ComplexSystems 2 months ago

I don't think this is odd at all. This situation will arise literally hundreds of times when coding some project. You absolutely want the agent - or any dev, whether real or AI - to recognize these situations and let you know when interfaces or data formats aren't what you expect them to be. You don't want them to just silently make something up without explaining somewhere that there's an issue with the file they are trying to parse.

bee_rider 2 months ago
I agree that I’d want the bot to tell me that it couldn’t solve the problem. However, if I explicitly ask it to provide a solution without commentary, I wouldn’t expect it to do the right thing when the only real solution is to provide commentary indicating that the code is unfixable.
Like if the prompt was “don’t fix any bugs and just delete code at random” we wouldn’t take points off for adhering to the prompt and producing broken code, right?
- ComplexSystems 2 months ago
  
  Sometimes you will tell agents (or real devs) to do things they can't actually do because of some mistake on your end. Having it silently change things and cover the problem up is probably not the best way to handle that situation.
  
  2 replies →

franktankbank 2 months ago

IOW not a competent developer because they can't push back, not unlike a lot of incompetent devs.

minimaxir 2 months ago

I suspect 99% of coding agents would be able to say "hey wait, there's no 'index_value' column, here's the correct input.":

    df['new_column'] = df.index + 1

The original bug sounds like a GPT-2 level hallucination IMO. The index field has been accessible in pandas since the beginning and even bad code wouldn't try an 'index_value' column.

bee_rider 2 months ago

My thought process, if someone handed me this code and asked me to fix it, would be that they probably didn’t expect df[‘index_value’] to hold df.index
Just because, well, how’d the code get into this state? ‘index_value’ must have been a column that held something, having it just be equal to df.index seems unlikely because as you mention that’s always been available. I should probably check the change history to figure out when ‘index_value’ was removed. Or ask the person about what that column meant, but we can’t do that if we want to obey the prompt.
reedf1 2 months ago
The model (and you) have inferred completely without context that index_value is meant to somehow map to the dataframe index. What if this is raw .csv data from another system.
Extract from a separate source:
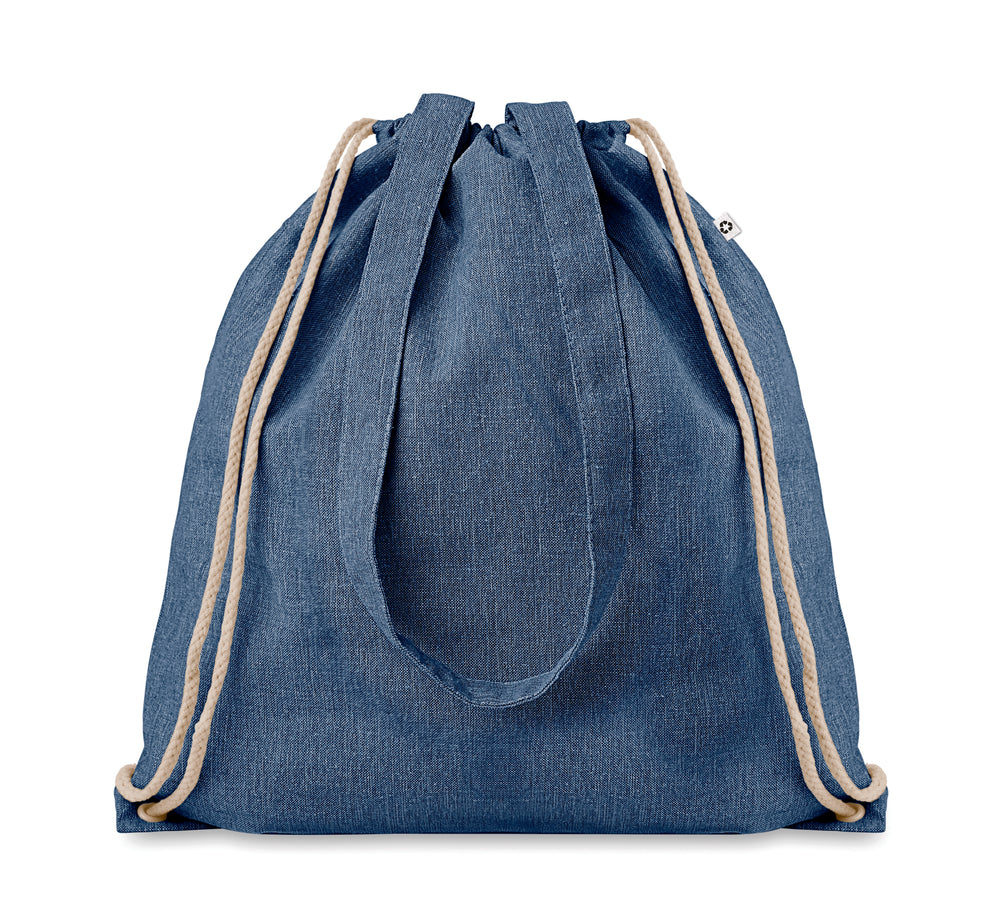 RPET Rugzakje met koord Moira Duo in royal blauw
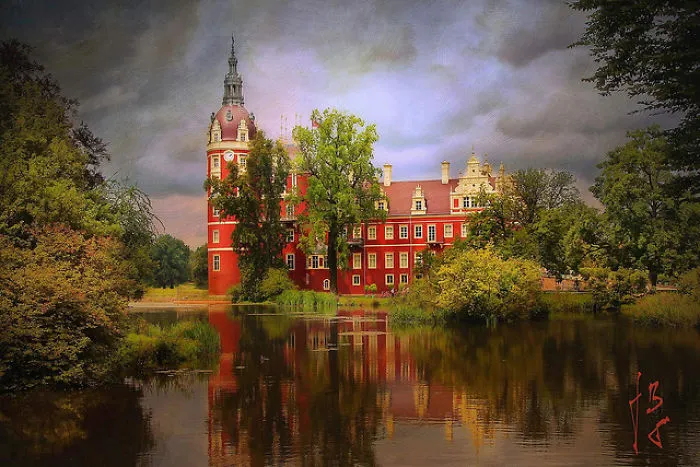 Fürst Pückler Castle, Bad Muskau, Germany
I work with .csv files from financial indices - index_value (or sometimes index_level) confers completely different meaning in this case.
- zahlman 2 months ago
  
  This inference is not at all "without context". It's based on the meaning of "index", and the contextual assumption that reasonable people put things into CSV columns whose intended purpose aligns with the semantic content of the column's title.
  
  1 reply →
- minimaxir 2 months ago
  
  That is a fair counterpoint, but if that were the case, there would always be more context accessible, e.g. the agent could do a `df.head()` to get an overview of the data and columns (which would indicate financial indices) or there would be code after that which would give strong signal that the intent is financial indices and not the DataFrame index.
  This is why vague examples in blog posts aren't great.